Les types sont très-bien rendus; le jury a donné une médaille à cette toile, et nous applaudissons à cette décision.

Fouilles à Pompéi
M. Sain, connu dans les arts pour sa passion pour les ramoneurs, qu’il a peints dans leurs épanchements intimes, a donné cette année une toile que lui a inspiré un long séjour en Italie. Il a vu les fouilles en artiste et cherché dans les habitantes de Castellamare et Pompéi le caractère et le type des fresques qu’il avait vues au Museo Borbonico. C’est élevé et serré d’exécution; il y a une grande noblesse dans les types. C’est encore une des médailles du Salon; on voit que notre choix portait just.

Au fil de l’eau
Celui-ci est un jeune peintre, un débutant dont nous avons choisi l’oeuvre parce qu’elle est empreinte d’une certaine rêverie qui concordait avec une harmonie et une grande richesse de ton. Au fil de l’eau, cela ne se raconte pas; ce n’est pas à proprement parler un sujet, et pourtant il se dégage de là une grande poésie. M. Aufray n’a pas été médaillé, mais ce sont cependant d’heureux débuts.
Nous publierons successivement une série assez nombreuse des toiles qui ont figuré à l’Exposition, afin de donner toujours au public de la province et de l’étranger une idée des meilleurs tableaux. Nous avons tout fait pour donner le paysage de Courbet, mais nous nous sommes heurtés devant des idées très-arrêtées d’un éditeur qui s’Est rendu acquéreur du droit de reproduction et a craint que notre gravure fît tort à sa vente, ce qui, évidemment, eût été, au contraire, pour lui, la plus belle des réclames.
M. Théophile Gautier fils, continue son travail, nous ne faisons qu’épiloguer en quelques mots sur les toiles que nous reproduisons, nous nous bornons à recommander à notre excéllent confrère quelques tableaux que nous aurions voulu graver et que nous sommes obligés de sacrifier aux graves préoccupations du moment.

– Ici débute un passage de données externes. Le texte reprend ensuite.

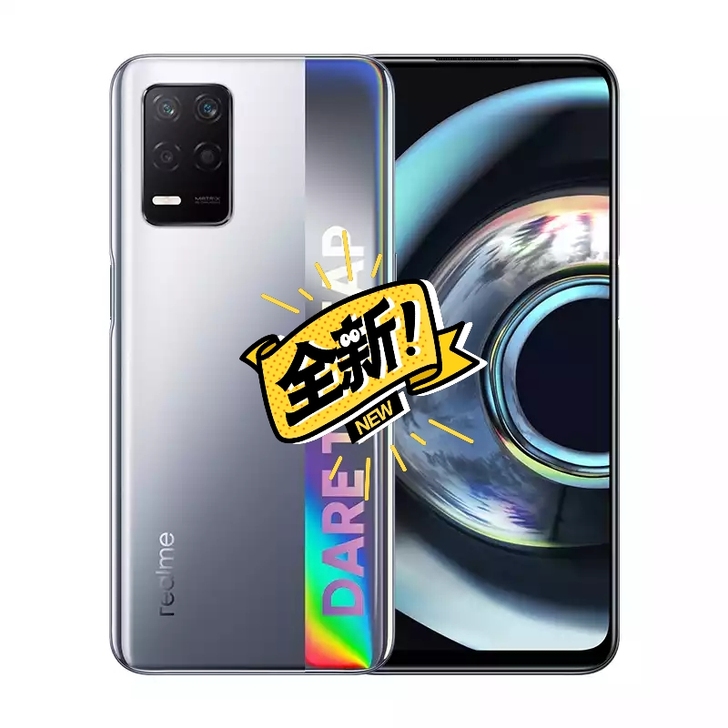 手机realme 真我Q3 骁龙750G ...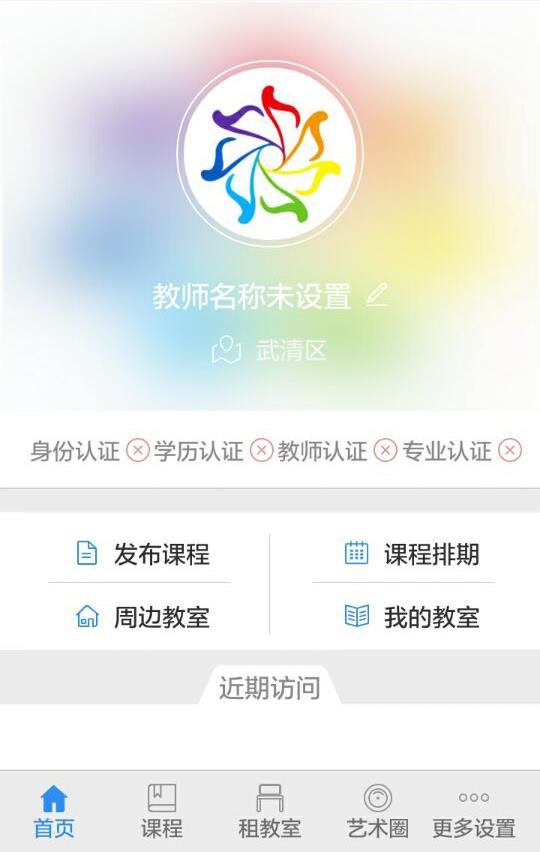 艺学教师端  v1.6.2图1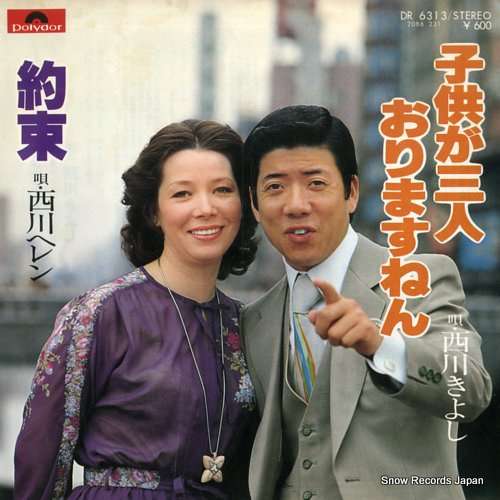 “コロナ太り”ハライチ澤部、ストレッチ頑張り過ぎて体が「バチーン！」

En première ligne M. Tourny, un pris de Rome, qui figure au Salon avec Saint Bonaventure montrant le Christ à saint Thomas d’Aquin, comme source de toute onction, et une Jeune Italienne jouant du tambourin. Le saint Bonaventure est une oeuvre, il y a là une sincérité et une foi qui fixent le passant et l’arrêtent. La jeune Italienne est un gracieux modèle qui sourit dans son cadre d’or.

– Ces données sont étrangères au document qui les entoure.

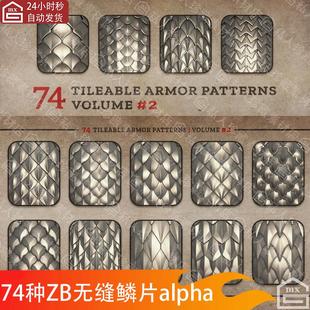 zbrush无缝装甲盔甲龙鳞alpha法线贴图sp鳞片金属鳞甲纹理zb笔刷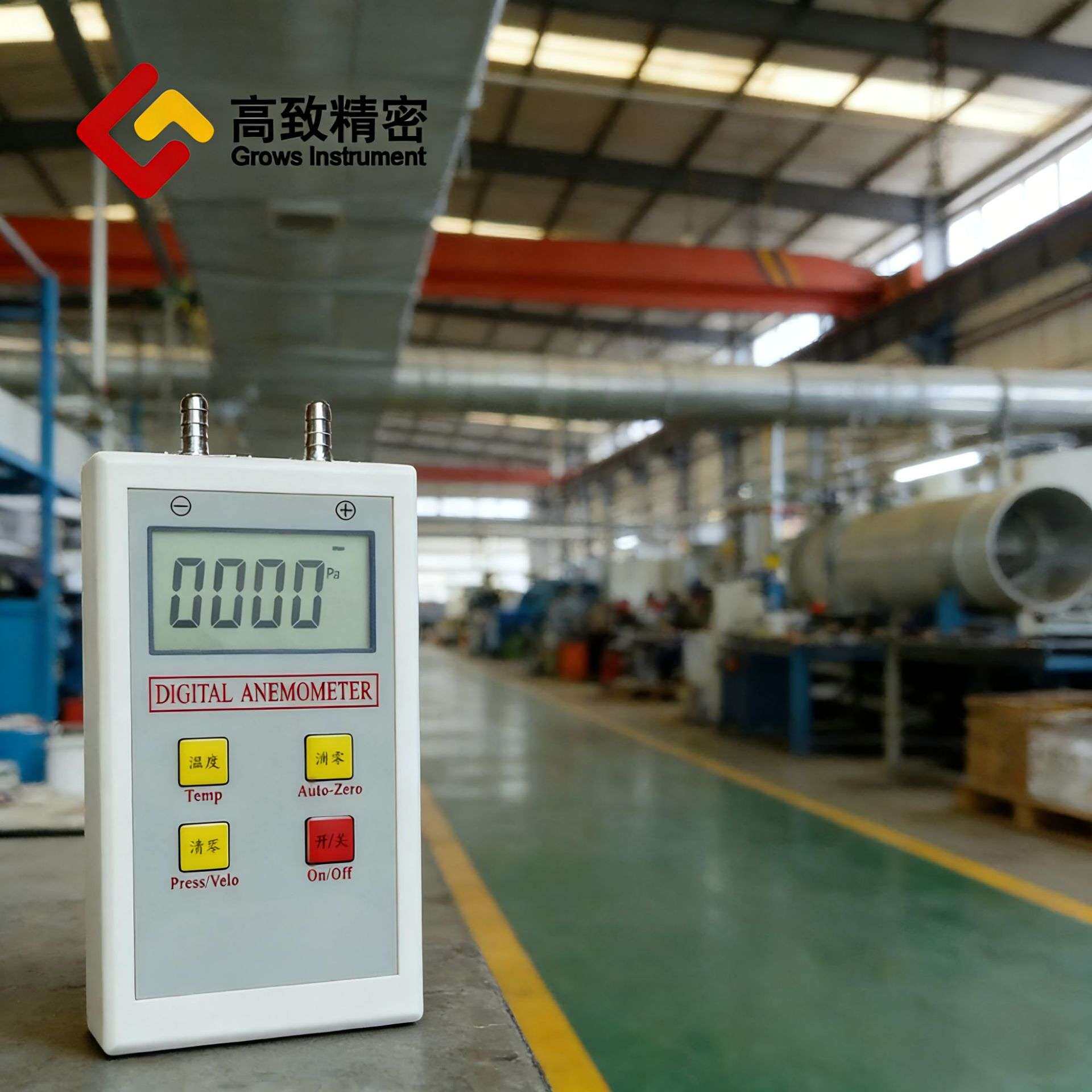 数字微压计GZ1000 智能数字微差压计 微压计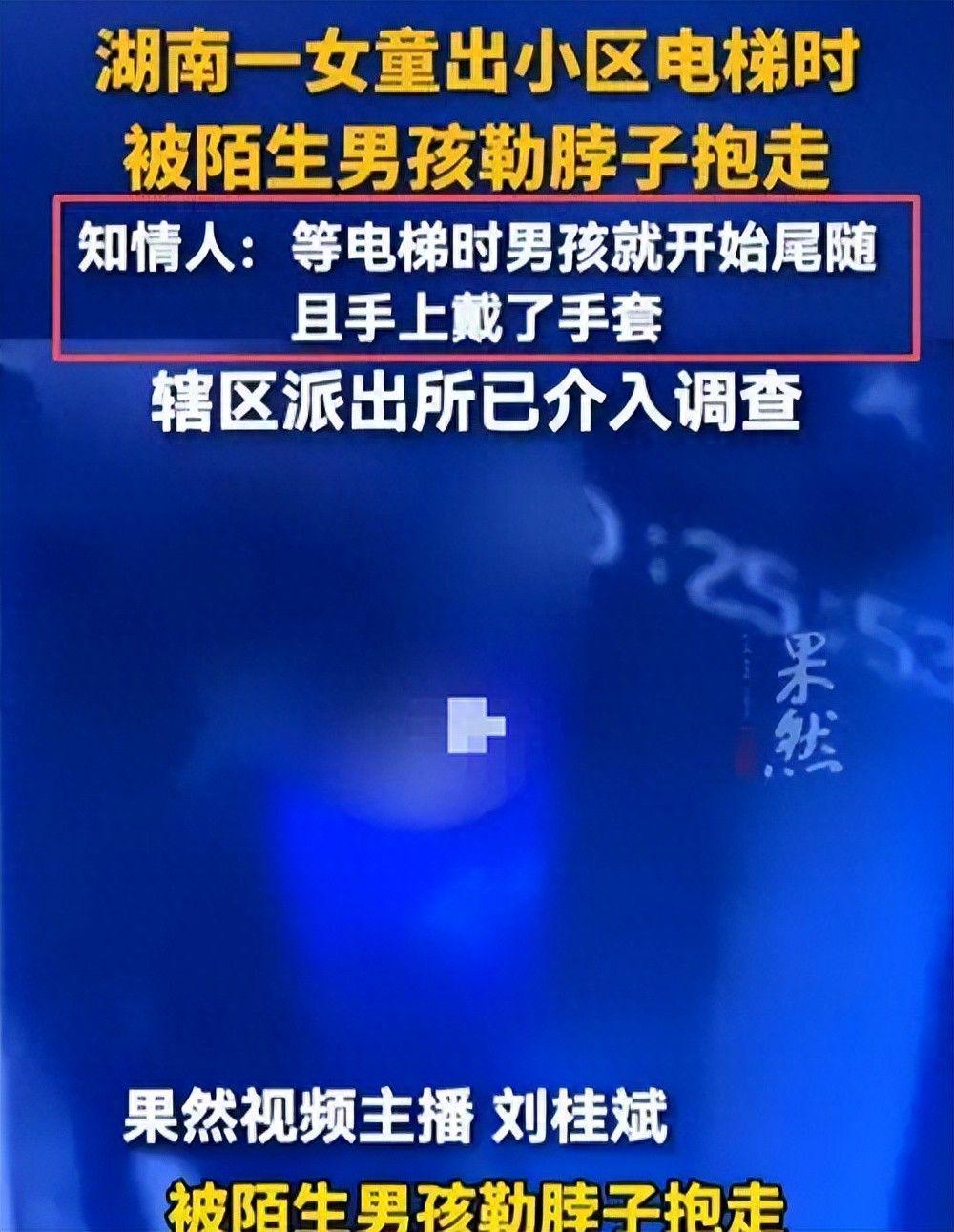 球盟会体育布伦森狂砍45分创队史总决赛得分纪录,尼克斯时隔53年圆梦总冠军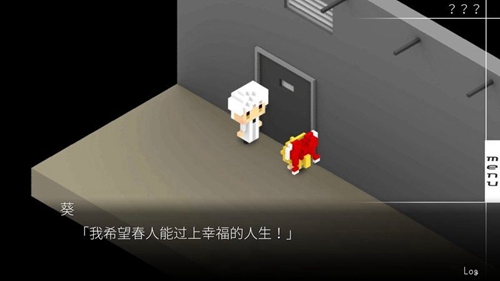 剧情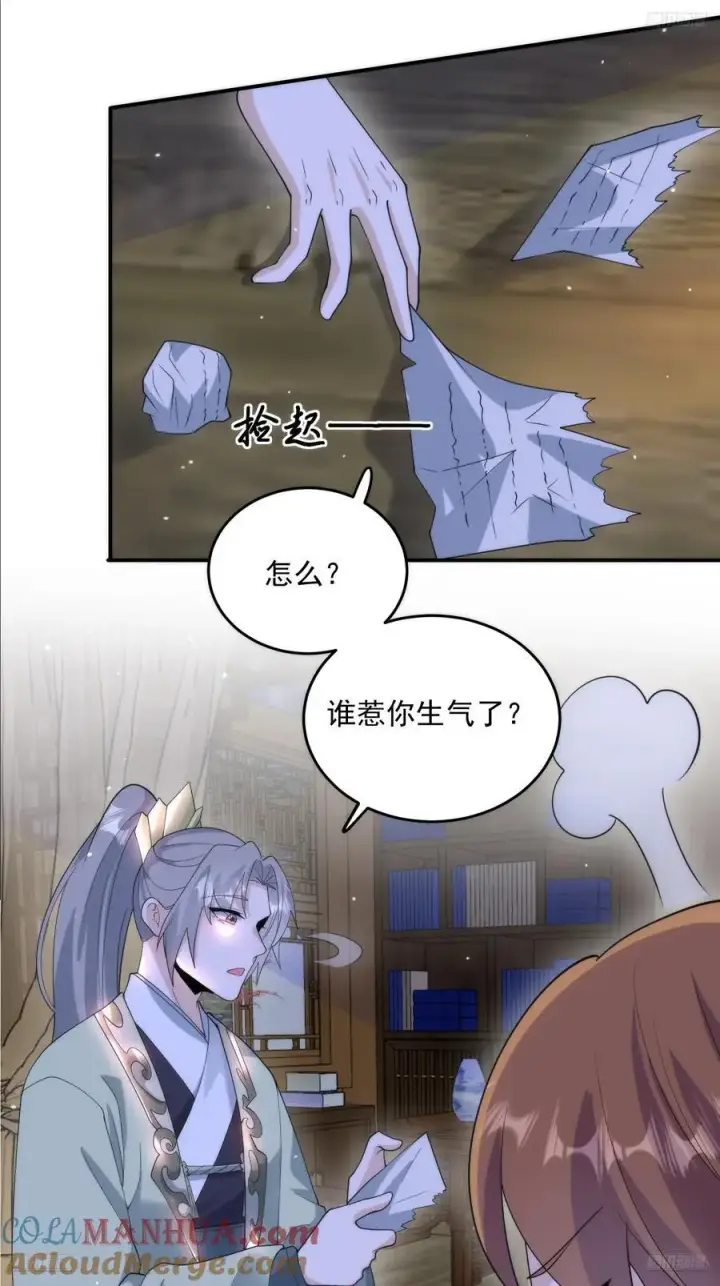 漫画《女徒弟个个想杀我》第94话 是…是小H书！第5张图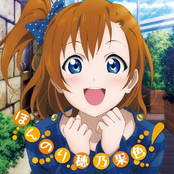 Love Live! Solo 1st Live! from µ’s Kousaka Honoka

Nous avons vu aussi, signés du même nom, un Enfant offrant des fleurs à la madone, et des Enfants pauvres qui révèlent chez Mme Tourny, l’auteur de ces deux toiles, un grand sentiment du ton.

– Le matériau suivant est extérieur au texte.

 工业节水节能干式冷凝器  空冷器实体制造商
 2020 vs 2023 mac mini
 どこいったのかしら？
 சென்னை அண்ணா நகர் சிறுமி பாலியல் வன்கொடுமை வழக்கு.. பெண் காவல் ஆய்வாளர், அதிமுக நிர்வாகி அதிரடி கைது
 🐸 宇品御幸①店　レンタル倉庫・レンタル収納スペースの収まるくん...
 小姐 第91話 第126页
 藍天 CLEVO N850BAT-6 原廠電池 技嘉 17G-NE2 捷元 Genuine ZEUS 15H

Nous signalons aussi M. Fischer (un Conteur breton). Mais M. Fischer a un nom en peinture et notre critique d’art ne l’oubliera pas – M. Vanutelli, dont nous avons, l’an dernier, reproduit une Intrigue à Venise, a envoyé la Fiancée du Cantique de cantiques, oeuvre pleine de charmes, ingénieuse d’arrangement avec un grand sentiment de lignes, l’aspect général est peut-être un peu sourd.
Ne passez pas non plus devant la salle des P. sans chercher une Tête de vieille femme, signéeMarthe Parrat. Il y a là un peintre et une recherche dans le modèle, qui, n’en déplaise au sexe faible, n’est pas son exclusif apanage.